It’s Friday again! And TGIF means more TFBTP! And you know what that means? SPOILERS!! You have been warned.

This week, we move into disc 3 and take on Is This Seat Taken? by Sarah Langan.

Disc 3

Is This Seat Taken?

SummaryA young woman attempts to charm men into committing crimes for her and with her.

If there’s anything that Tales Beyond the Pale Season 1 delivers (and delivers BIG) it’s atmosphere. The music, sound effects and quality of the voice actors can almost take on physical forms. You can practically touch the bloody human flesh (ew) and feel the blackened wisps of misty shadows (chills!). Because of this, Is This Seat Taken? really stands out from the crowd, especially with its disturbingly cheery, mentally unhinged and sexually abused female protagonist. But this faux brightness is just part of a candy coating, a façade that reveals a dark twisted center. This is a Natural Born Killers prequel meets Bonnie and Clyde meets Girl Interrupted with a splash of 80’s flair at the end with Slow Burning Crimes by East Hundred.

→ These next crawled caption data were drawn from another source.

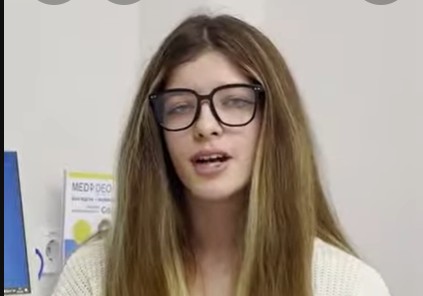 video placeholder
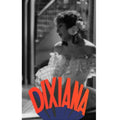 Dixiana 1930 Rare Musical Romance DVD Classic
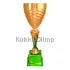 Кубок призовой 3122A (1) в интернет-магазине kubki-olimp.ru и cup-olimp.ru Фото 0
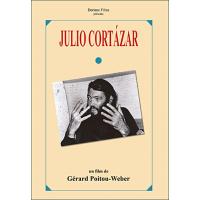 Julio Cortazar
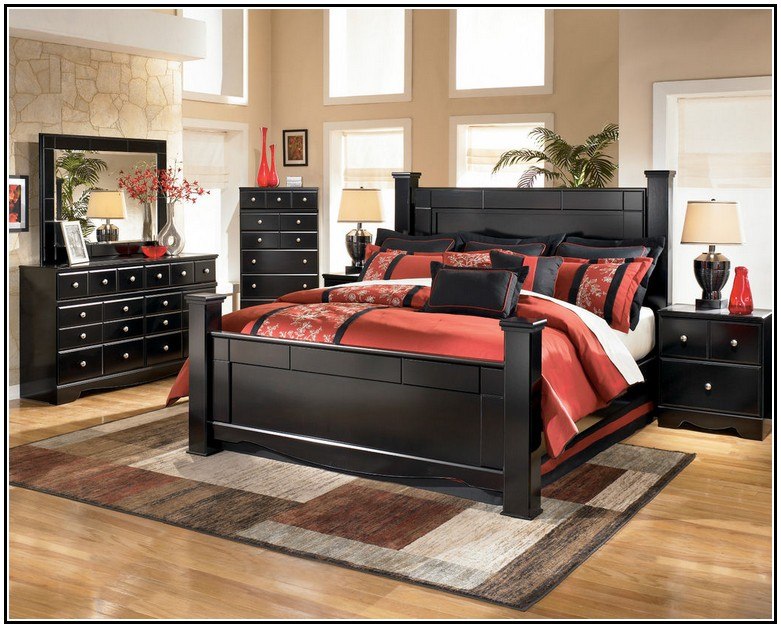 cavallino-mansion-bedroom-set-king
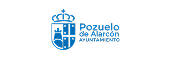 logo-carrusel-admin-local-Ayuntamiento-Pozuelo-de-Alarcón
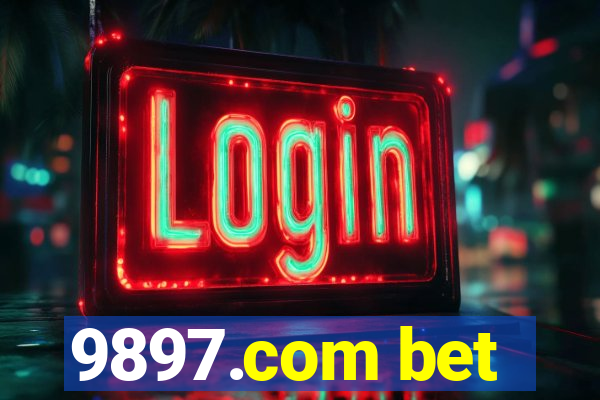 9897.com bet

The strong Long Island accent (Hi, Fran from The Nanny) was a little annoying, but again much like Man on the Ledge it was more enjoyable with each listen. The actress was definitely channeling some of Marisa Tomei’s exuberant Brooklyn accent from My Cousin Vinny, which I adore. The story itself has some reveals and small twists which were not enough to ruffle the feathers too much so I can’t say that it is mind blasting, but it’s a solid story. The characters are sympathetic and psychotic. Robert didn’t have a wonderful childhood and Cassie had her own demons to overcome. Together, they find that they truly have some common interests, i.e. recreational homicide. The blossoming of their love all at once nails the idea of being a love-struck, angsty twenty something while also conjuring up some horrible memories relating to Columbine and/or the Menendez Brothers. Is this the first Tale with a happy ending? We can be happy that Cassie and Robert are deeply in love with each other and support one another other in their extracurricular activities. (Especially if support means “take a bullet for.”) I doubt the people who are about to get murdered by this killer couple think that this was a happy ending!

-V

 

This is a pretty slow boil tale, and it’s hard to know who to root for in the beginning, which makes it all the more interesting. Is she messing with him? Messing with “us”? Or just messed up? It’s a good mix of the listener knowing what’s kind of going on, so it’s not annoying cloy, while not knowing completely, so it keeps you guessing. I am a huge dork-fan of “found footage” type stories, and this has a similar feel, but not at all forced. It uses the self-narration-recordings well without being over the top, and I happen to really like Long Island accents, so that didn’t bother me as much as it bothered a certain other reviewer. And you learn something about mental psychoses, like zombie eyes, and how to properly strategerize cannibalism! Entertaining AND informative! I feel like Stephen’s and Viv’s reviews summarize the strengths pretty well, so I don’t have that much to add.  While it’s not at the top of the class for me (it’s not nearly as creepy or skin-crawly as some of the Tales . . . I would probably categorize it more of a thriller than as horror, really), it’s far from the bottom. It’s got great twists and Robert is one of the most sympathetic characters in the whole series, even when you learn he’s a psychopath, which is just some good writing right there.

-C

 

Is This Seat Taken is another great addition to Tales from Beyond the Pale. It is less atmospheric and less of a horror story than the other tales. Even though the subject matter is dark– a woman taking advantage of mentally unstable men to see if they will kill for her, all so she can write a book about it– the story feels lighter in tone than the rest of the Tales. It uses the radio format very well to make sure you only know what she is thinking, and not her current mark. Which makes it a great twist when you realize the mark has pieced together what she is doing, and has in fact turned the tables (at least to a degree) on her, and is using her as much as she is using him. The dialogue and acting are top notch, the voices fitting the characters perfectly. And wait, what is this? Is Fessenden right? An actual happy ending (of sorts)? While this is not my favorite of the Tales, it is a refreshing change of tone from the more atmospheric Tales (The Hole Digger, The Grandfather) and the more disturbing ones (Johnny Boy, British and Proud, Trawler). It is like a horror story palate cleanser.